Weekly Research: ETag

There are always little things you use all the time (or at least rather often) but probably don’t know enough about for your own liking. For me, this was the reason to add a new fix-point to my week’s schedule: “Weekly Research”. In this I want to look into quite specific topics and techniques and summarize the most important aspects from my point of view.

Last week I had chosen HTTP entity-tags, better known as ETags, as the topic of the week. Starting with the entry on Wikipedia I made my way through quite a lot of documentation and mailinglists to fill some of my knowledge-gaps about this HTTP header.


For those of you who’ve never heard of that before, entity-tags are part of HTTP’s caching system. For caching in HTTP you have two main goals:

  1. Prevent that the user makes a subsequent request on a resource already fetched before by indicating for how long that resource can be expected to stay the same. There the server sends an expiration date before which the client may choose not to ask for that resource again once it has been received and stored.

  2. If a resource doesn’t lend itself to having an expiration date let the client indicate what version of a resource it already fetched and don’t send the whole resource back down again if it hasn’t changed and thereby save bandwidth and ideally computational resources by not having to generated or procure the resource once again.

ETags handle scenario 2. They are basically a checksum or version-indicator that the server sends with a resource. Think about a large image being requested by a client as part of a website. Before completing the response, the server generates an ETag (for instance the MD5 sum of the file) and puts it into the response’s header.
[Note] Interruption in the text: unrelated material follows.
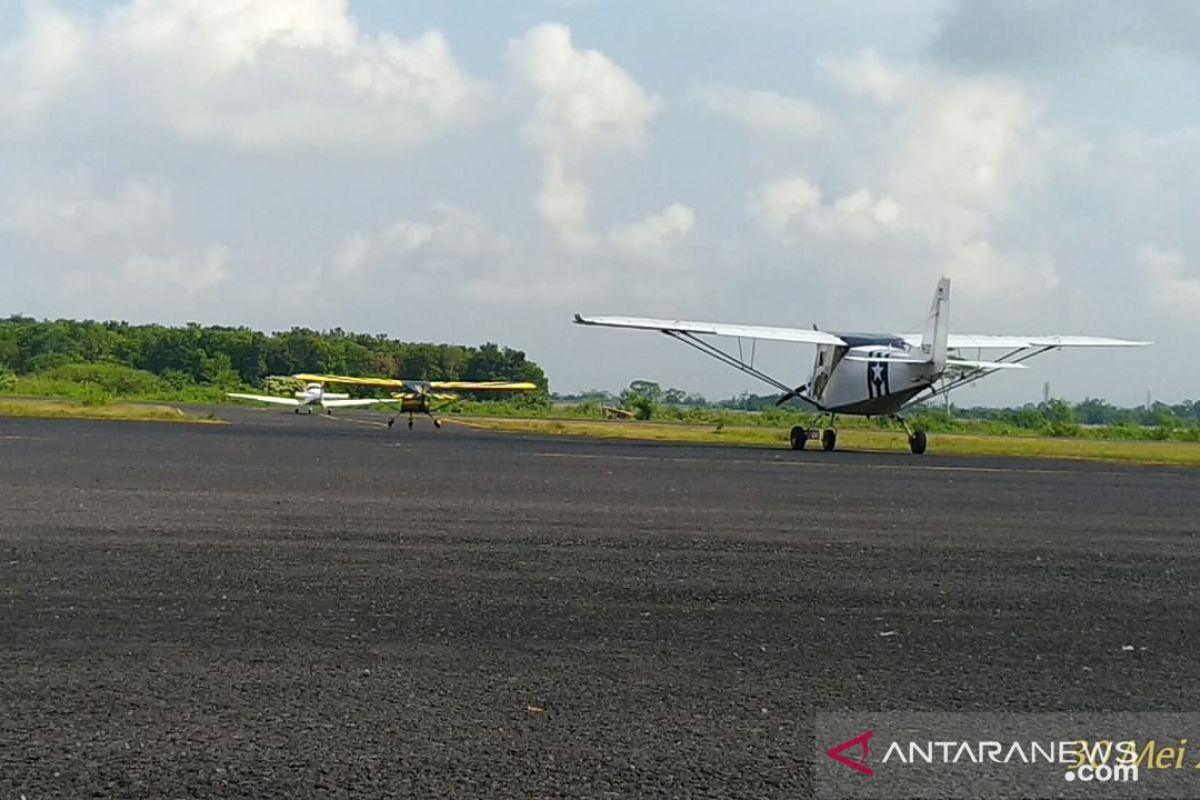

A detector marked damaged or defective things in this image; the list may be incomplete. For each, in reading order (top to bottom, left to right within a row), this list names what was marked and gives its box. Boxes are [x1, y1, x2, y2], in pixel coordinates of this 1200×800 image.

The client then caches the image together with the entity-tag.

Next time, when the client wants to the same image, it sends a request to the server with the stored checksum attached as “If-None-Match” header. The server then checks the value of this header against the ETag it would have generated for the image. If they match, that means that the client still has the right resource cached and the server only responds with a HTTP 304 Not modified status code, saving bandwidth.

How to use

For static resources like images you usually don’t have to do much. Apache and nginx both offer ETag generation out of the box by just flipping a switch.

nginx has since 1.3.3 the etag-setting:

etag on;

Apache, too, has built-in support for generating ETags and goes even one step further by letting you customize the way they are generated. You can, for instance, put following line into your config …

FileETag INode MTime Size

… and the ETag will be generated based on the file’s i-node, last modification time and file-size in bytes. Depending on your setup, removing the INode flag will probably solve a couple of issues if you operate behind balancers but in general I think it’s great that the option is there.

Also, most web frameworks come with some degree of support for ETags. Django, for instance has some view decorators and Rails has a helper on a similar layer. Spring also comes with a filter that handles ETags but it looks rather limited compared to the other two.

1 resource, 1 entity-tag … what about gzip?

As long as a resource doesn’t change it’s ETag shouldn’t change either. This is also necessary for being able to continue byte-range requests based on the previously received tag. gzip is kind of a problem here since it changes the representation of the resource and you therefor can’t continue a byte-range request if the server all of a sudden switches from gzip to non-gzip representation for this resource between requests while still serving the same entity tag. Probably for that and other reasons nginx doesn’t automatically attach an ETag to something that has been gzip-compressed. Apache, on the other hand, seems to append the string “-gzip” to the tag in order to distinguish the two representations.

Close enough

The issue above could for instance also be avoided by ignoring subrange GET requests. If you don’t care about “continuing” on previous data-packages, a gzipped representation and a not-gzipped one of the same resource might be semantically identical in your use-cases. For things like that there are actually two kinds of entity tags that are distinguished by how they are validated:

  1. Those supporting strong validation: ETag: “12345”
  2. and those that only support weak validation: ETag: W/“12345”

The HTTP/1.1 specs have a nice distinction between these two:

In order to be legal, a strong entity tag MUST change whenever the associated entity value changes in any way. A weak entity tag SHOULD change whenever the associated entity changes in a semantically significant way.

Personally, I interpret that in this way: Think about a blog post page which also has a list of banners on the bottom that are automatically rotated. If your ETag is based on the last-modification-time of your blog software (say its version number) and the last modification time of your blog post, then you could use a weakly validated entity tag if you consider the banners not relevant for the semantics of the resource. Otherwise you’d have generate a new entity tag whenever the banners should be rotated.

Combine that with the issue that the server you have in front of your application may or may not gzip the app’s response data, going here with a weak ETag sounds more and more like a good approach to me (please let me know if I’m wrong here!).

Enough for round one

I hope you got something useful out of this. The plan is, to write one of these posts every week if time permits.